The UK has set forth a new goal of banning sales of conventional fossil fuel vehicle sales by 2030, and only allowing zero-emission vehicles from 2035. This is a part of a 10 point plan by the UK to induce what they have been calling a new ‘green industrial revolution’. This is an acceleration of their previous goals to ban sales of fossil fuel cars, which was previously set for 2040. The government has committed to invest around $1.7 billion into the development of battery technologies and infrastructure. The plan includes investment into public and at home charging infrastructure and electric vehicle incentives.

As various countries around the world join the effort to combat their carbon emissions, we are seeing many more national pledges to phase out gas-powered vehicles. Norway remains the leader with the world’s most ambitious Zero-Emission Vehicles (ZEV) transition plan, pledging to ban the sales of gas-powered vehicles by 2025. The UK’s plan differs from Norway in that it allows the sale of (gasoline) hybrid vehicles from 2030-2035; after which only ZEVs can be sold. The UK’s recent announcement means they plan to transition soon after Norway, joining both Sweden and Ireland, who have goals for banning light duty gasoline and diesel vehicle sales by 2030. The UK’s new target of only ZEV sales from 2035 (which they moved from 2040 to 2035 in February) puts them on the same timeline as California. 

The UK faces some unique challenges compared to California. Notably, one-quarter of UK households park their vehicles on the street overnight. Developing charging infrastructure for these households will be key for the UK to reach its goal. To overcome this the UK’s plan includes investment not only into home charging, but also on-street parking, workplace charging, and fast charging. This approach is essential to ensure all consumers have access to charging.

The goal of these new sales bans is to stoke demand for new ZEVs, and with clear targets on the horizon, these bans could push manufacturers to produce more ZEVs, enabling economies of scale and thereby making the vehicles more affordable.

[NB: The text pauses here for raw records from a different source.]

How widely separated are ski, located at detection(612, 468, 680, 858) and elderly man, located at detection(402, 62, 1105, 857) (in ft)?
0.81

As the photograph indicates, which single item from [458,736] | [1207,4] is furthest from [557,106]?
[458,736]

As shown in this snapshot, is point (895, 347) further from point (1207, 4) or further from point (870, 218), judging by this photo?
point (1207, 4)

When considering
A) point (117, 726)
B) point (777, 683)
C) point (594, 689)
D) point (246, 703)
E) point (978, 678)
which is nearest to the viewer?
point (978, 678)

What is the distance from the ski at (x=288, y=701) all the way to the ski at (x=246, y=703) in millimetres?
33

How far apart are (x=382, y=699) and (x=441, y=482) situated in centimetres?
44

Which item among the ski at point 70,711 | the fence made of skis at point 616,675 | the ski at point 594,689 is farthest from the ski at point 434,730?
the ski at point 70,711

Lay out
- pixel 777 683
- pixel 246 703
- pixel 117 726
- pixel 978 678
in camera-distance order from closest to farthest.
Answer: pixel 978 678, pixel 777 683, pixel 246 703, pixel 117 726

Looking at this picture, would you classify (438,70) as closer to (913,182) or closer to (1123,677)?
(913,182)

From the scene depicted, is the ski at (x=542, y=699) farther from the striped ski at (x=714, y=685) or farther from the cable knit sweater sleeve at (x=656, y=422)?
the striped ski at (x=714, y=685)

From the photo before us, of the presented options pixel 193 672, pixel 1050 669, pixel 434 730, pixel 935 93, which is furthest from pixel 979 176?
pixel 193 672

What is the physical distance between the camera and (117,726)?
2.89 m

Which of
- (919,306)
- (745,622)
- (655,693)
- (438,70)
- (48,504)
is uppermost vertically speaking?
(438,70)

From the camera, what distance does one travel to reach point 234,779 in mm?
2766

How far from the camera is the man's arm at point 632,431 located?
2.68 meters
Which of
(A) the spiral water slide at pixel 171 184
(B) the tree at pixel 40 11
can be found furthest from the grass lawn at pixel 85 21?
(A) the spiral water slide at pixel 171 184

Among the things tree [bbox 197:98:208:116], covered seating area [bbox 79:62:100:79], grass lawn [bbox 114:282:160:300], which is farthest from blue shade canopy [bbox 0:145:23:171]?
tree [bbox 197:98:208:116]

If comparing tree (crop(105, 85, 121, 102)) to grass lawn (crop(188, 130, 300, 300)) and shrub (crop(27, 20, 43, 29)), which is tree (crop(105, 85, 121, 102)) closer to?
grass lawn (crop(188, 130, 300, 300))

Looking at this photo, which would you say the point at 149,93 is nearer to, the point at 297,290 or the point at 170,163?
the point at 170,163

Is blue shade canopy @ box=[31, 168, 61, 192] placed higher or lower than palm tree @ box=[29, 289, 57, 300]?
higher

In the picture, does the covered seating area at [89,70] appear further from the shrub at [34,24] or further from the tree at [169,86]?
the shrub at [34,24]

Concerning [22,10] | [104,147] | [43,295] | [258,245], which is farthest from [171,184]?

More new ZEV sales will also gradually increase the size of the market for used ZEVs, making ZEVsl more affordable to those less affluent. 

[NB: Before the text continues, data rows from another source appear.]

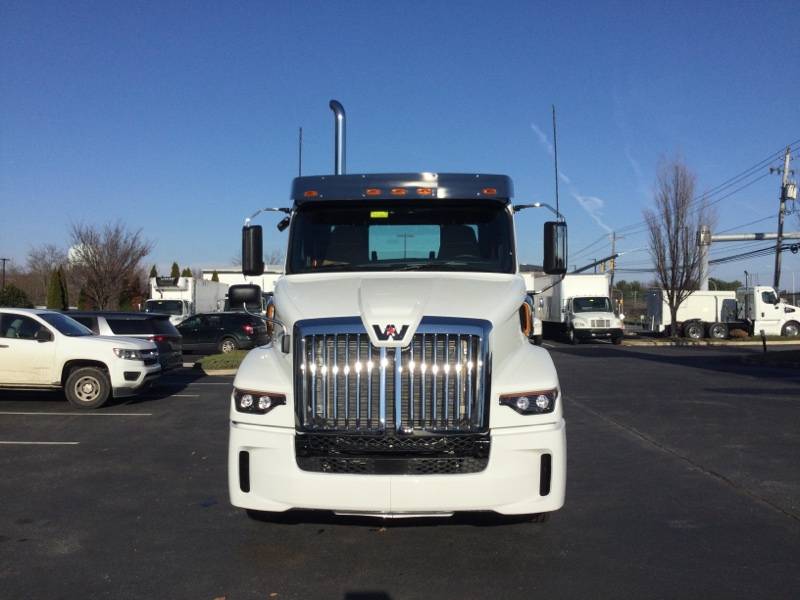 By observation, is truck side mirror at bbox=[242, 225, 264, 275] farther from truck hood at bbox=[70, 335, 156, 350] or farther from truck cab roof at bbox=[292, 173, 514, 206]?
truck hood at bbox=[70, 335, 156, 350]

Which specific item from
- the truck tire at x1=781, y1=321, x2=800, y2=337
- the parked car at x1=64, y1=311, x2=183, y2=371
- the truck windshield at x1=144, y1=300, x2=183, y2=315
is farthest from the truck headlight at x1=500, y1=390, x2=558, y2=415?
the truck tire at x1=781, y1=321, x2=800, y2=337

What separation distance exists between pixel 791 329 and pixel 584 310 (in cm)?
1165

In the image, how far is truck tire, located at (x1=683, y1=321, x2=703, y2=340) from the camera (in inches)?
1500

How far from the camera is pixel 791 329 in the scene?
122ft

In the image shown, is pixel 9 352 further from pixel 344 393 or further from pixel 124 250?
pixel 124 250

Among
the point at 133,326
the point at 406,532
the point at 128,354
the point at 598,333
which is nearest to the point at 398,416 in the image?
the point at 406,532

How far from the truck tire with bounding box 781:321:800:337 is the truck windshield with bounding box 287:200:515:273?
3587cm

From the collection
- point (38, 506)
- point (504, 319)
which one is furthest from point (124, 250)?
point (504, 319)

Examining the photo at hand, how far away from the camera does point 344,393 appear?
4711 mm

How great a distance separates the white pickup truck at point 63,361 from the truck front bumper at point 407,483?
8316mm

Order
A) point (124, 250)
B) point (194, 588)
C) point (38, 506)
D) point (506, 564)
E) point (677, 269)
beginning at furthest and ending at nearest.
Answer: point (124, 250) → point (677, 269) → point (38, 506) → point (506, 564) → point (194, 588)

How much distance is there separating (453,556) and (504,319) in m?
1.67

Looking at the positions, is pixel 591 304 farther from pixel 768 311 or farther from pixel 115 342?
pixel 115 342

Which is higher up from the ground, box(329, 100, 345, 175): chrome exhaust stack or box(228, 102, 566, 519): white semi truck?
box(329, 100, 345, 175): chrome exhaust stack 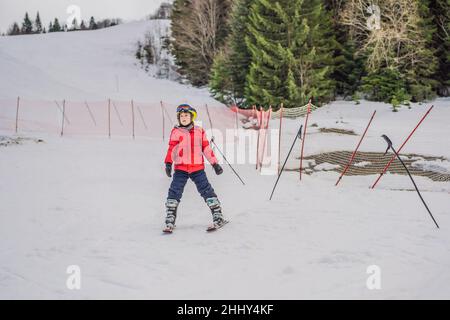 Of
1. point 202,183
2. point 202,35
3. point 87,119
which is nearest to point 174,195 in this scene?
point 202,183

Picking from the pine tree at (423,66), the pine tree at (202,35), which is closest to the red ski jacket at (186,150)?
the pine tree at (423,66)

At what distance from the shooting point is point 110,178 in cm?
894

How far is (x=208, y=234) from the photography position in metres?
5.19

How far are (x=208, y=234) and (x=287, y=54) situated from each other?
60.0ft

What remains to be seen is a mandated ramp up to 2035. In the UK no ZEV sales regulations, like the California ZEV mandate, exist. Lessons from California show that regulatory certainty and a gradual ramp-up of ZEV sales targets is helpful for automakers in planning ZEVinvestments–in terms of gradually introducing new models, building supply chains, training sales staff, and generally preparing for widespread electrification. In 2021 we will be watching closely to see whether the UK government announces codifies the 2030 and 2035 targets and sets annual ZEV sales targets.

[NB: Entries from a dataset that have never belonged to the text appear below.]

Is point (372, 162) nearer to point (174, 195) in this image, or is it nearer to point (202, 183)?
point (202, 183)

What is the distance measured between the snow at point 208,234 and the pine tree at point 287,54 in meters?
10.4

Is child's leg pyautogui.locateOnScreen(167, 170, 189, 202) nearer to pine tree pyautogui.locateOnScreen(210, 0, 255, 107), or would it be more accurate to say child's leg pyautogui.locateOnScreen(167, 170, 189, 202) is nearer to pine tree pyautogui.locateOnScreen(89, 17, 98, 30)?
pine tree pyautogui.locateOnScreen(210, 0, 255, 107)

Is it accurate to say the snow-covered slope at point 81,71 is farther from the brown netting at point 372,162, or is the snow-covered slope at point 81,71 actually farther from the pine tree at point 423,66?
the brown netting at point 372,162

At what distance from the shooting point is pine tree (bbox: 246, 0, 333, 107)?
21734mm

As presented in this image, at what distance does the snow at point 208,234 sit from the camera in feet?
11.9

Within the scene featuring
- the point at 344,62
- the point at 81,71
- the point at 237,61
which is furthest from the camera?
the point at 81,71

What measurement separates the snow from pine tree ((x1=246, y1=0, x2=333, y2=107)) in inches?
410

Most importantly these ambitious ZEV targets will require supportive policies, if they hope to convince consumers to buy the vehicles. The UK plan includes funds for consumer incentives and charging investments. The commitment to provide incentives only extends until 2023, and is only enough for 176,000 ZEV sales (at current grant levels). We know from our research that incentives become more important over time as we move from early adopters to mass-market consumers. A more bold or innovative approach may be needed, such as a feebate policy like those of France or Sweden, which allow incentives to be applied well into the mass market (with no burden on government or taxpayers).